Monday, April 21, 2014

Tribute to Butch

The year was 2004. Late June early July I believe. My father had passed away in the winter. The house on 983 was for sale. I had been living with my boyfriend at the time, but life was changing for me and it was time to go out on my own. My dear sister Angela had taken me in for a few months while I got my seemingly crumbling life together. It was time to get my very first place and along with that it was time to get my very own dog.

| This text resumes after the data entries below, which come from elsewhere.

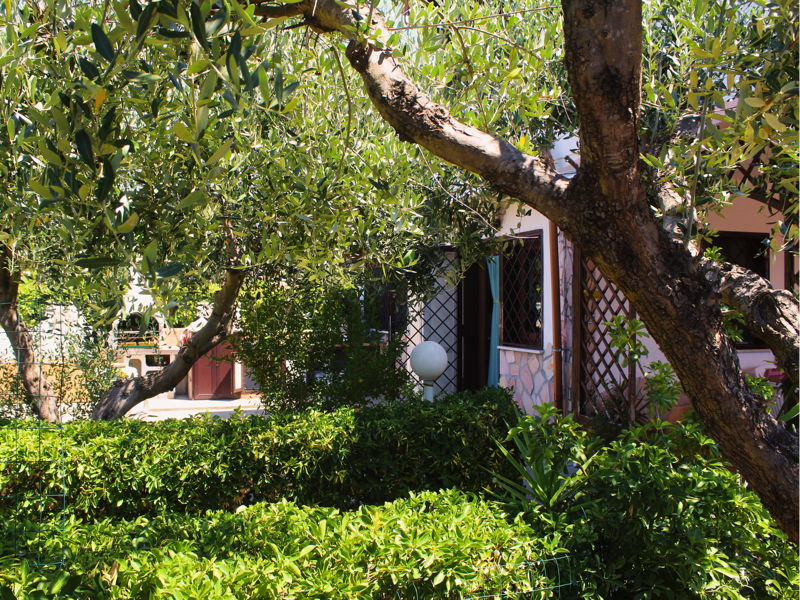 Corsi di cucina Civitavecchia: Sapori tra gli ulivi: corso di cucina in villa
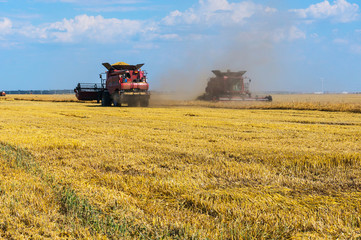 Wheat field harvesting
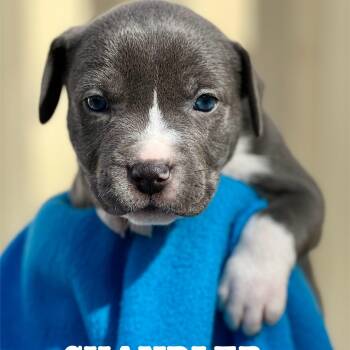 Rescue Mixed Breed Dogs for Adoption in Berwick, Maine - CHANDLER - ARRIVING IN MAINE MID-DECEMBER | PetCurious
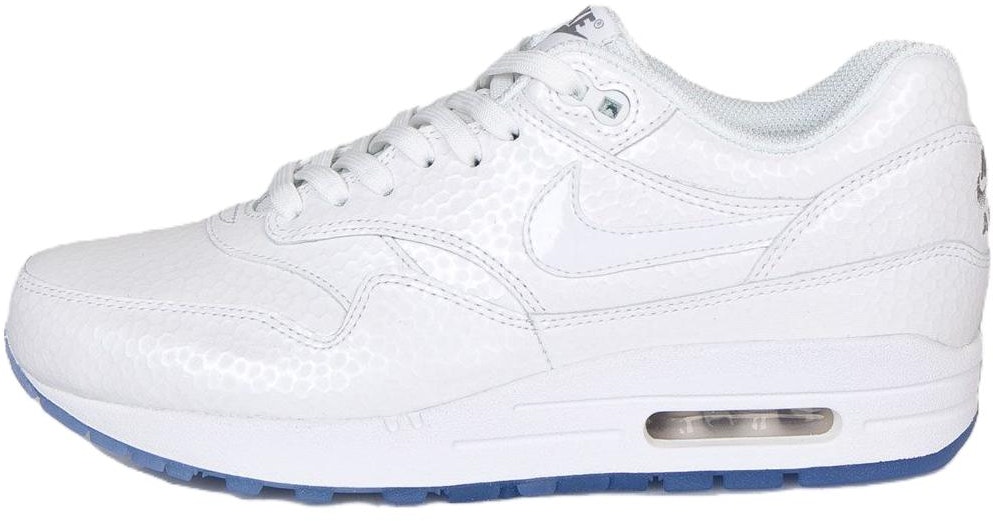 women-nike-air-max-1-premium-ice-pack-454746-106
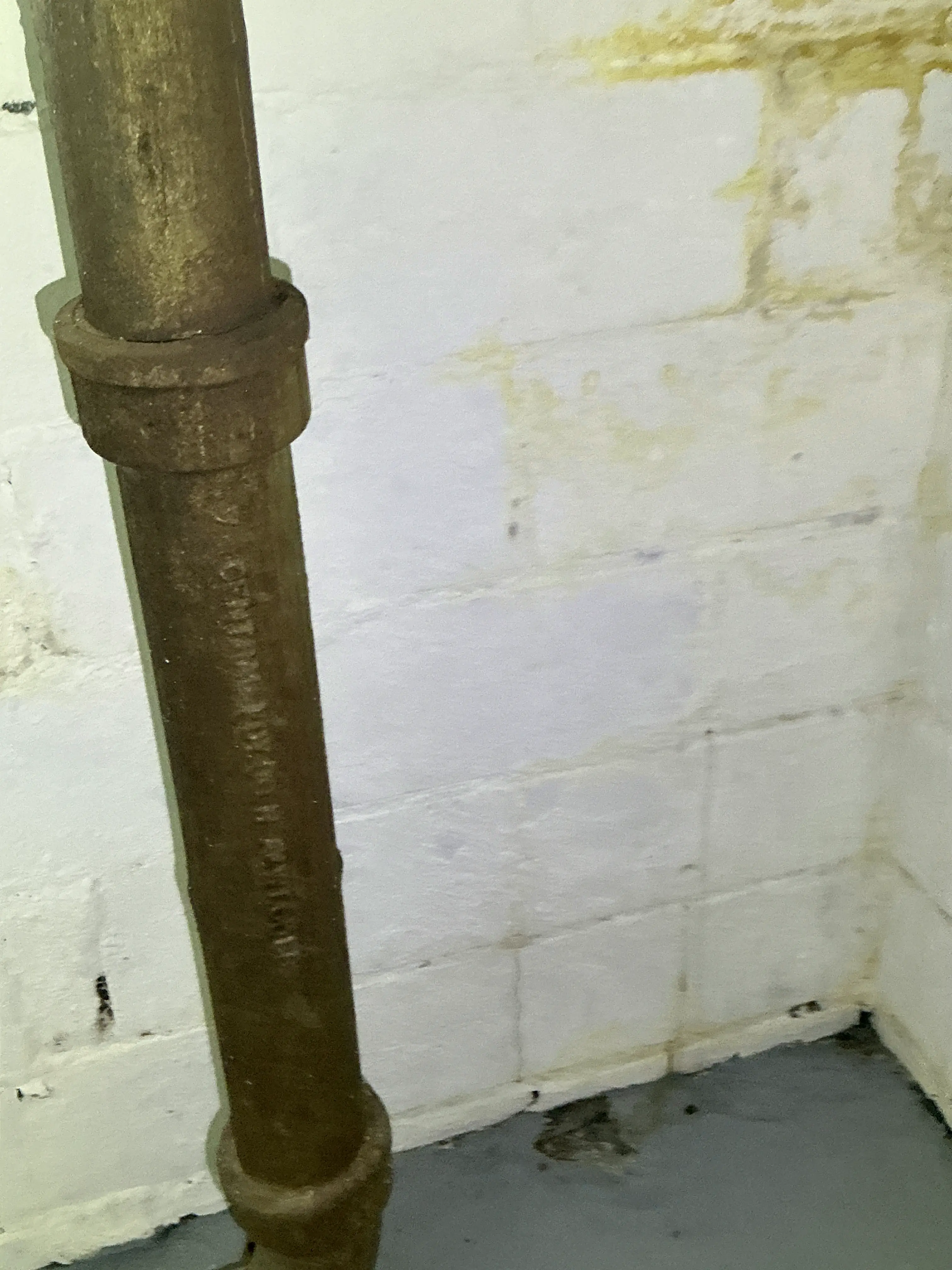 Cast iron plumbing drain pipe installed in a basement during a mold testing 2026-08-29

One hot summer night, my friend Les, brought two red heeler puppies to my sisters home and said pick one out I will take the other. There was a little boy and a little girl. They were both the most precious things I had ever seen!  I couldn't resist the little boy. Something drew me to this furry little white teddy bear with a perfect red patch over his right eye. I would call him Butch.

Butch and I began a life together. We moved on to Main Street in Farmington, UT.  As a child I had been very scared to be alone and afraid of the dark. Coming last in a family of five girls I didn't have to be alone much. I guess that's where the fear comes from. Or maybe it is a natural instinct. But with Butch around my fear was dissipating.  I knew no matter what that Butch would not let anything happen to me. Butch was about 4 months old when I realized my newest fear..... Losing that dog. Early one morning I let him out in the front yard to go potty. It was before light so I figured he would be fine to take a quick break and come in. He was a very smart obedient dog so I did not worry about leasing him. He always did his business and came right in. I never accounted for the man that was walking from what I imagine was his release from the jail down the street. In the early morning the man startled butch and he nipped his heel when he passed on the sidewalk. No blood was drawn, but the man reported him to animal control and they came and took him for quarantine. I was so sad when they took him. I knew he was scared and did not understand. But 10 days later I got my buddy back.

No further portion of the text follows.